Fig. 21 also illustrates that the communication components may include one or more components for performing interference control operations as taught herein. For example, an interference ("INTER") control component 2190 may cooperate with the processor 2130 and/or other components of the device 2110 to send/receive signals to/from another device (e.g., the device 2150), as taught herein. Similarly, the interference control component 2192 may cooperate with the processor 2170 and/or other components of the device 2150 to send/receive signals to/from another device (e.g., device 2110).
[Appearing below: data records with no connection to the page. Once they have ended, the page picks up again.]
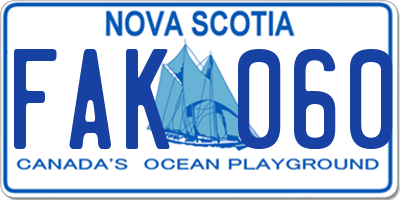 NS license plate FAK060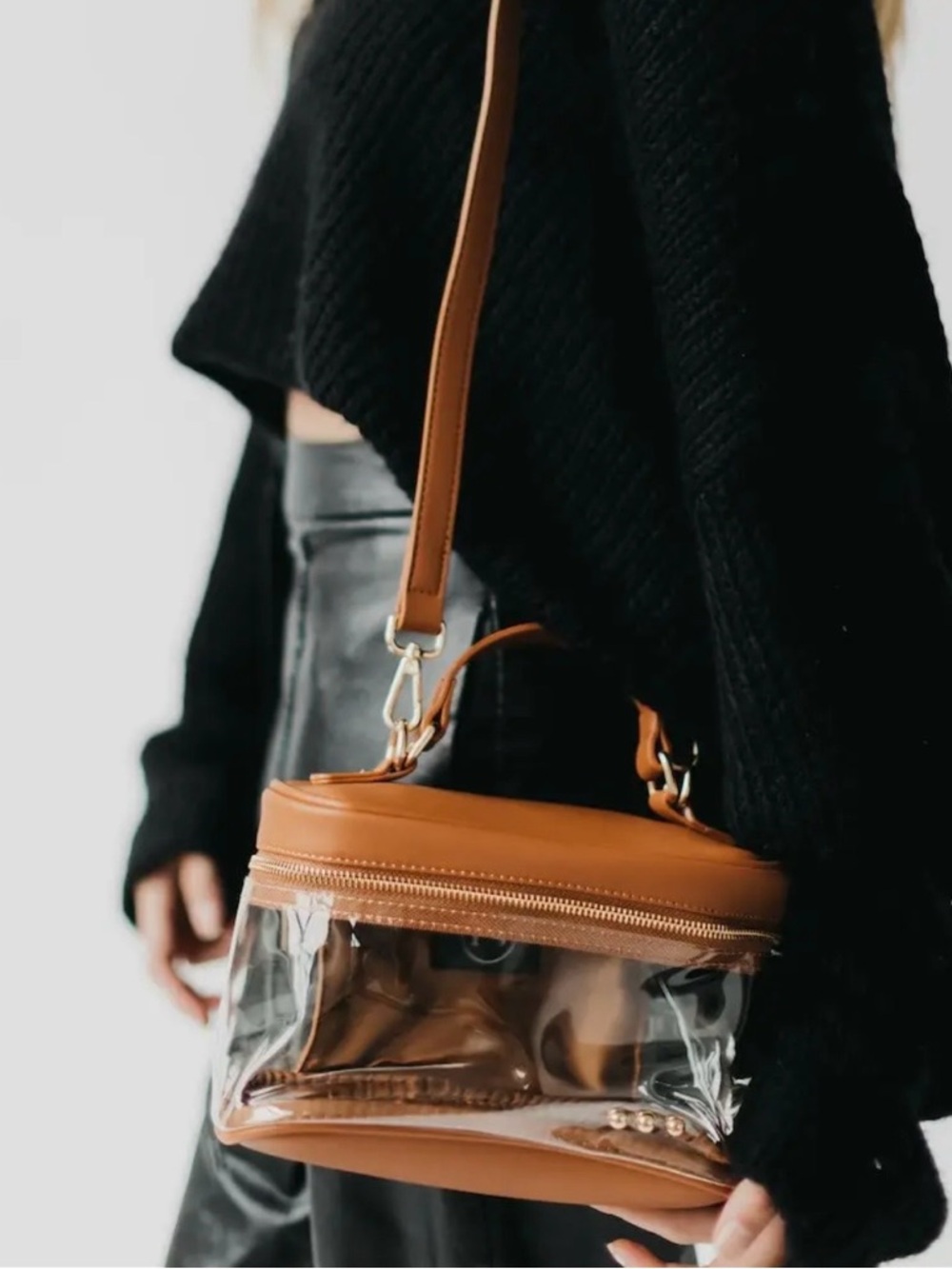 Tan Clear Panel Crossbody Bag with Adjustable Strap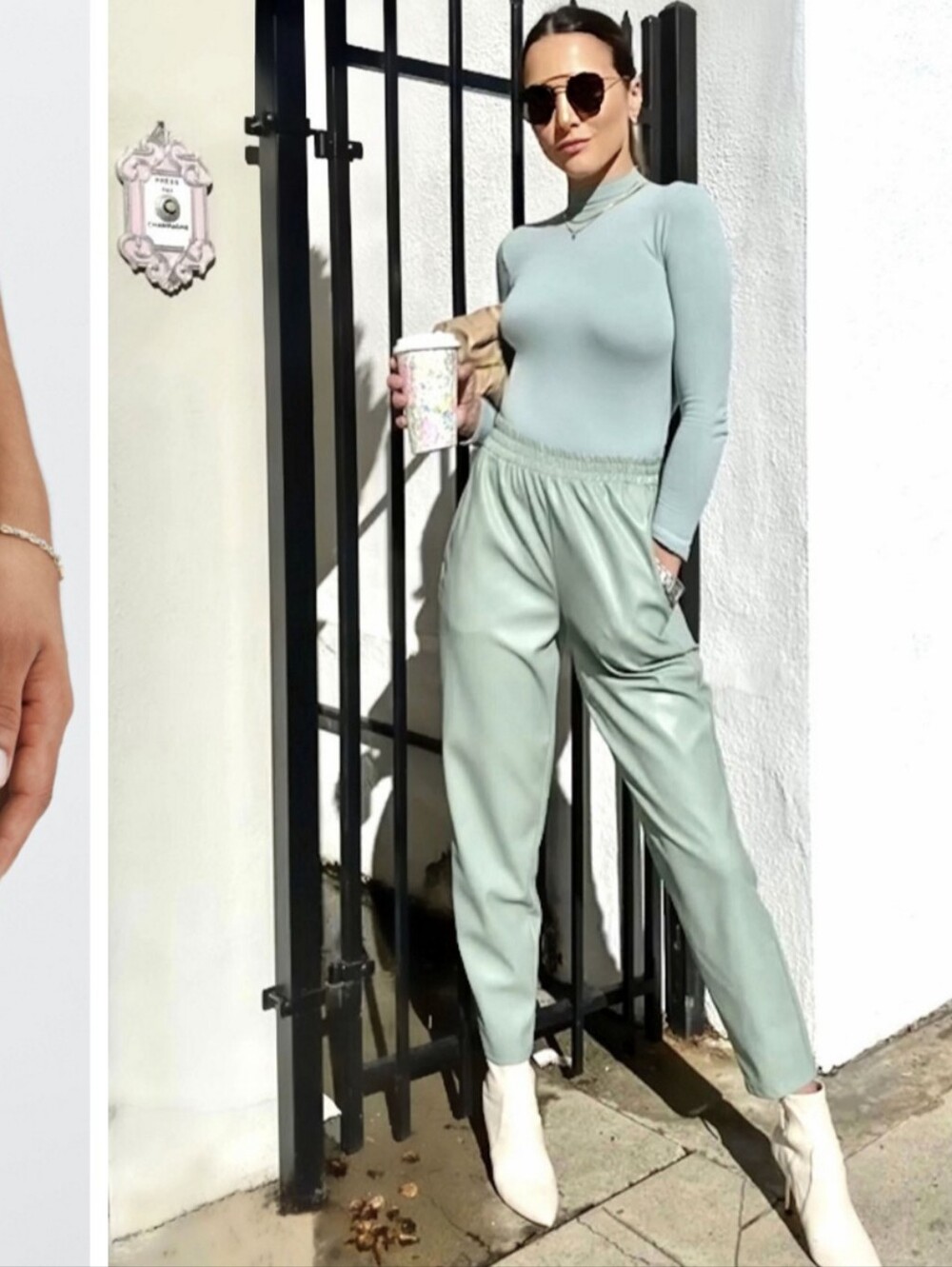 Fabletics High-Waist Vegan Leather Jogger Pants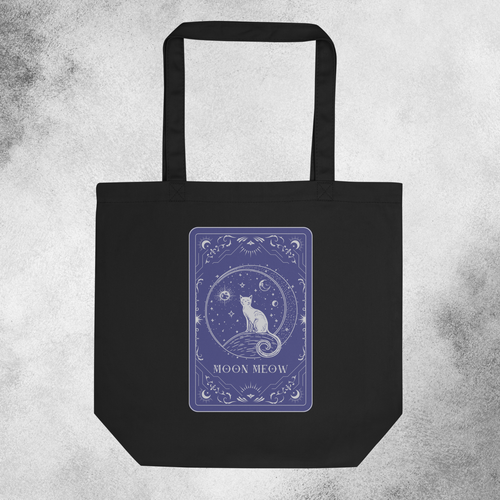 Tarot Cat Tote Bag - Witchy Cat Design Eco Tote for Tarot Card Lovers - Picture 3 of 7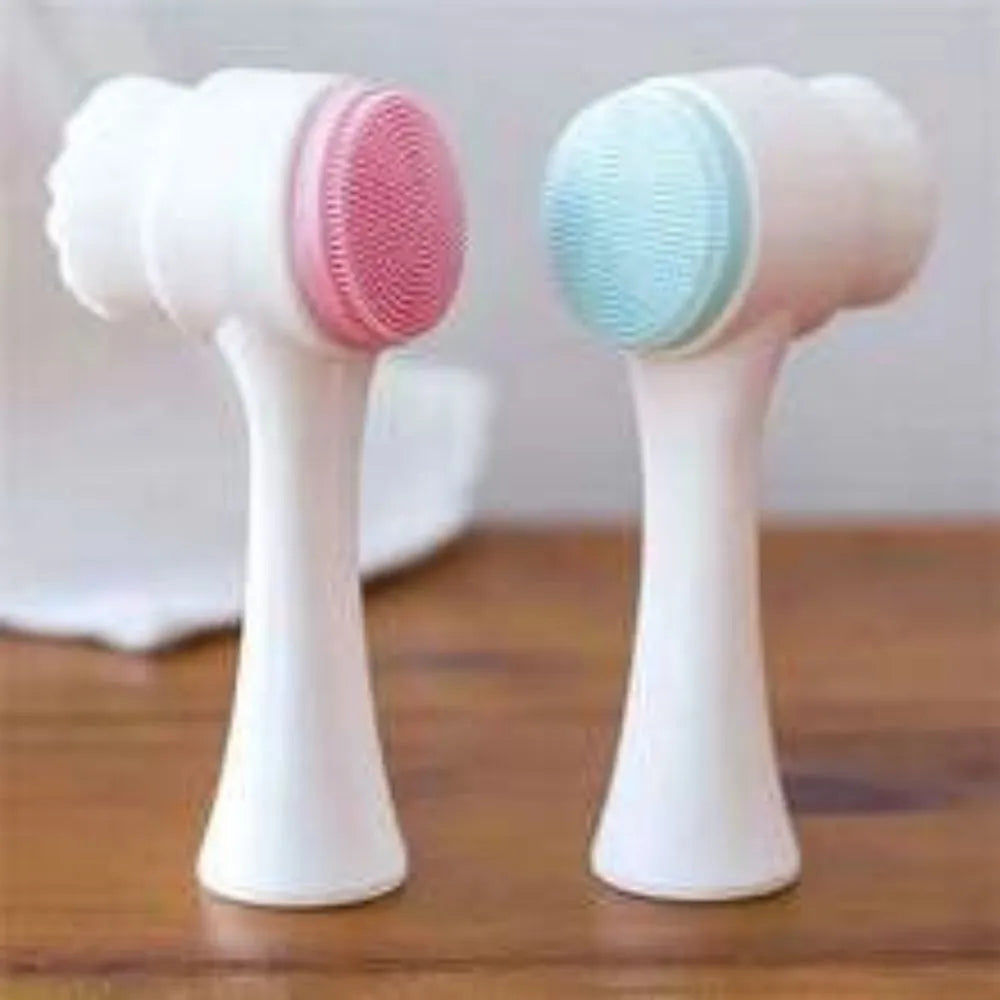Blue nylon pet paw brush for dogs and cats measuring 13.5cm with gentle massage bristles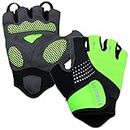 LuxoBike Bike Gloves (Green - Half Finger, L)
It should be understood that the functionality of two or more of the described components may be provided by a single component for each of devices 2110 and 2150. For example, a single processing component may provide the functionality of the interference control component 2190 and the processor 2130 and a single processing component may provide the functionality of the interference control component 2192 and the processor 2170.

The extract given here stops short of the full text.